A: Innovative Claims

Development of novel technology Application Emulators/HLAM/PETASIM which will support rapid prototyping and the design phases for new machines, software and architecture. As high level this process will be robust and relatively fast so that large applications can be simulated on very high performance machines such as those contemplated in the PetaFlop initiative. We expect future computational steering systems to be enabled by our technology.

Development and formal specification of Hierarchical High Level Application Modeling Framework (HLAM). The HLAM will include mechanisms to allow users to provide: a) hierarchical description of applications, b) high level specification of a target machine, c) procedures to define how the hierarchical application description is mapped to the machine model and d) cost model to be used in performance estimation. All user interfaces will be built in Java to enhance broad distribution.

Development of a simulation framework (PETASIM) that is able to generate performance predictions for application-emulators using information provided by the high level application modeling framework HLAM. PETASIM will include support for the generation and use of data parallel aggregates as building blocks for specifying modules. PETASIM achieves high performance even on large applications by using event driven simulations for coarse grain task parallel parts of an application but exploiting explicitly the loosely synchronous structure of SPMD data parallel components.

Parallel execution of PETASIM will use novel adaptive load balancing and runtime compilation techniques developed by the team with other DARPA contracts.

Development of application-emulators that can be used to predict how future very high end architectures will perform on future leading edge applications. Application-emulators will be produced for two large and crucial application classes: 1) adaptive irregular computational science and engineering applications and 2) applications that carry out data analysis, data exploration and data fusion.

Detailed simulation tools will be used to define the cost model for HLAM (especially in I/O area) and to selectively validate the results of PETASIM.

HLAM high level hierarchical machine description will be basis of future extensions of today's parallel programming environments such as HPF and MPI which currently embody a simple two level (on and off processor) view of memory.

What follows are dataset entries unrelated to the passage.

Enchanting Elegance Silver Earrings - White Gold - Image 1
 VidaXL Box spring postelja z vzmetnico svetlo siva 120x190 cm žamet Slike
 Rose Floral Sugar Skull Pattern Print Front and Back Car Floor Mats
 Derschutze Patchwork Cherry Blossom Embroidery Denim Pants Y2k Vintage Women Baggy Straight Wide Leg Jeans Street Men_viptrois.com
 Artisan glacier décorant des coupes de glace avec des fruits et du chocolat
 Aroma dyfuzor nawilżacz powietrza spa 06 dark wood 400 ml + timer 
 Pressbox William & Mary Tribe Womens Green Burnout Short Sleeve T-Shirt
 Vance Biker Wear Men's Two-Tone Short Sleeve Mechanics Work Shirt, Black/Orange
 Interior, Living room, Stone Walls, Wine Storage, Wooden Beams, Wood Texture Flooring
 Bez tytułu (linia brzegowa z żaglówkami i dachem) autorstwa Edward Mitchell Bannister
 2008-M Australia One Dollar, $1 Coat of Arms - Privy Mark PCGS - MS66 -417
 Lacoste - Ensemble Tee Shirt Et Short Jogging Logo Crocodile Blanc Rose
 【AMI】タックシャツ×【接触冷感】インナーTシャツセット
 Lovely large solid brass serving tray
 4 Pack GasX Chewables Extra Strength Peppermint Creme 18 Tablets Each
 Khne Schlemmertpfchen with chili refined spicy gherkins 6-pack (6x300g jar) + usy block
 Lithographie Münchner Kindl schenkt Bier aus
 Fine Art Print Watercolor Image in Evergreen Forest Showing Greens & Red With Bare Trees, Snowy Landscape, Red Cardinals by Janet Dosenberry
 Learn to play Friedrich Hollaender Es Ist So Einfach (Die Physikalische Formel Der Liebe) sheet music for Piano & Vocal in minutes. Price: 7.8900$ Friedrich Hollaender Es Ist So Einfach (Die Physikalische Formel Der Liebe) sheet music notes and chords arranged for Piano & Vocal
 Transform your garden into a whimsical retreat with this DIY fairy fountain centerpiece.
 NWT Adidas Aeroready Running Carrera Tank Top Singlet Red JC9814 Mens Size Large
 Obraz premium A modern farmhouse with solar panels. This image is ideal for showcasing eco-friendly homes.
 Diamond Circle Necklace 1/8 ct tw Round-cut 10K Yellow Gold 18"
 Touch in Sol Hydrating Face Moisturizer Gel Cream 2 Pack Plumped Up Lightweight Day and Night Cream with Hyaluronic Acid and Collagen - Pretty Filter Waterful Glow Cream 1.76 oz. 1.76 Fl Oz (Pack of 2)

Technology transfer to several HPCC communities including commercial and academic designers of new machines and software, the PetaFlop initiative and the large HPCC education and training enterprise who will be able to use the pedagogical value of our high level descriptions. A General Dynamics/Raytheon/SAIC team will use project technology in developing the new ship design code LAMP.

B: Deliverables

Application-emulators

Construction of two application-emulators motivated by loosely synchronous adaptive applications and by data exploration and data fusion applications. An application-emulator is a suite of programs that, when run, exhibits computational and data access patterns that resemble the patterns observed in a particular type of application.

The irregular scientific application emulator will be designed to simulate the behavior of coupled adaptive unstructured mesh codes, integro-differential equations solvers and particle codes.

The data fusion application-emulator will be designed to 1) simulate data intensive applications that run on a single multiprocessor platform and 2) simulate an additional computational step where results from individual data intensive calculations are combined. The data fusion application emulator will emulate operations such as image segmentation, image registration and compositing. The emulator will carry out I/O to disk arrays. Application emulators will be validated by comparing performance (on current multiprocessor architectures) of application-emulators with performance of full applications.

Options:

The irregular scientific application emulator will be extended to simulate behavior of Monte Carlo, multipole and structured adaptive codes.

The data fusion application-emulator will be extended to take tertiary storage into account.

HLAM/PETASIM

Development and formal specification of Hierarchical High Level Application Modeling Framework (HLAM). The HLAM will include mechanisms to allow users to provide: a) hierarchical description of applications, b) high level specification of a target machine, c) procedures to define how the hierarchical application description is mapped to the machine model and d) cost model to be used in performance estimation.

Development of a simulation framework (PETASIM) that is able to generate performance predictions for application-emulators using information provided by the high level application modeling framework. PETASIM will include support for the generation and use of aggregates as building blocks for specifying modules.

Options:

Development of runtime/compile time techniques that support semi-automatic generation of HLAM/PETASIM aggregates and modules.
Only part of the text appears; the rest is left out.